Kobayashi grew up in Fukui on the coast of the Sea of Japan, where he enjoyed collecting fossils of ammonites, an extinct type of mollusk, almost every day.
Since few dinosaur fossils had been discovered in Japan at the time, Kobayashi never dreamed that the day would come when he would be able to excavate some with his own hands.
Aspiring to be a dinosaur expert, he entered Yokohama National University in Kanagawa but left before the end of his freshman year and moved to the United States to pursue his dream.
“Although I spoke little English, I had much greater expectations for doing research in the United States,” he said.
At Southern Methodist University in Texas, Kobayashi obtained a doctorate in research on fossilized dinosaur bones — the first Japanese to do so. In 2000, he returned to Japan to help prepare for the opening of the Fukui Prefectural Dinosaur Museum.
Five years later, however, he transferred to Hokkaido University. While Fukui had become by that time one of the best sites in the country for dinosaur fossil discoveries, he saw great potential in Hokkaido, where layers from the Cretaceous period are exposed on the surface at many locations.
Kobayashi travels to various excavation sites around the world such as Alaska and Mongolia, climbing cliffs and going deep into bear-infested mountains.

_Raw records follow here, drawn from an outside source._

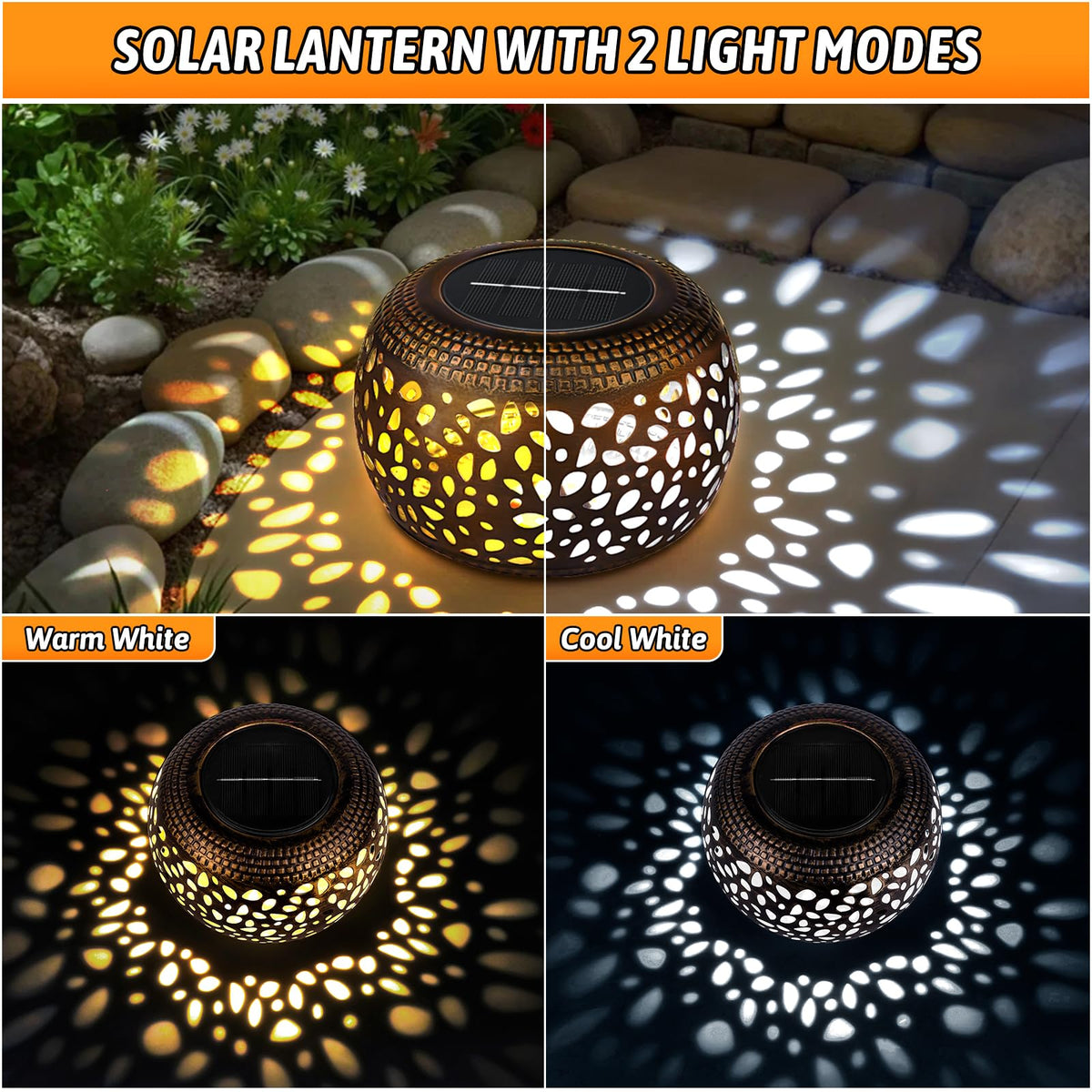 Blakapoo lantern with dusk auto-on simplifies outdoor lighting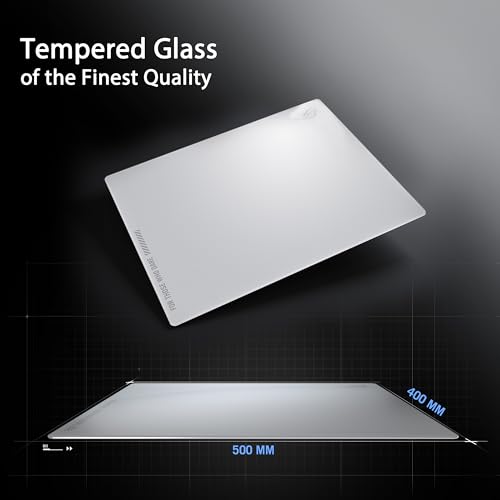 ASUS ROG Moonstone Ace L Glass Gaming Mouse Pad – 19.7” x 15.7”, Ultra-Smooth Matte Tempered Glass for Quiet Ultrafast Glides, Impact/Scratch Resistant, Easy to Clean, Anti-Slip Silicone Base - White
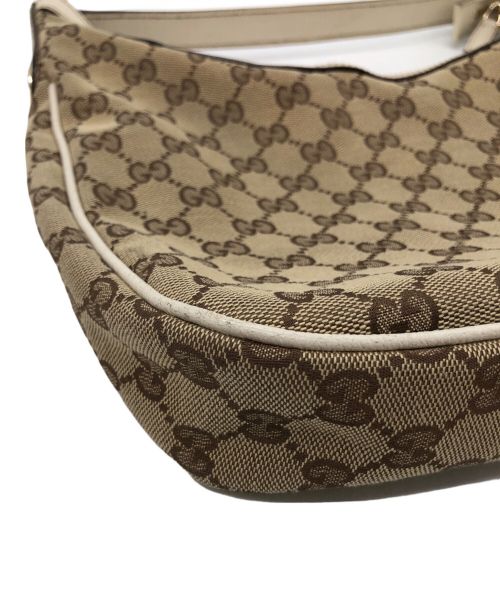 GUCCI（グッチ）GUCCI (グッチ) ワンショルダーバッグ ベージュ×ホワイトの古着・服飾アイテム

“I’m quite a ‘hard’ explorer,” he said. “I’m a bit perverse so I like digging in areas where no one would ever search.”
Among his latest achievements are the fossils of a 30-meter-long sauropod in Mongolia last year.
Kobayashi said the ecology of dinosaurs remains largely unknown, but that trying to solve the mystery with limited pieces of information intrigues him.
“I wish I could go back to the dinosaur era in a time machine to confirm whether I have the right theory,” Kobayashi said.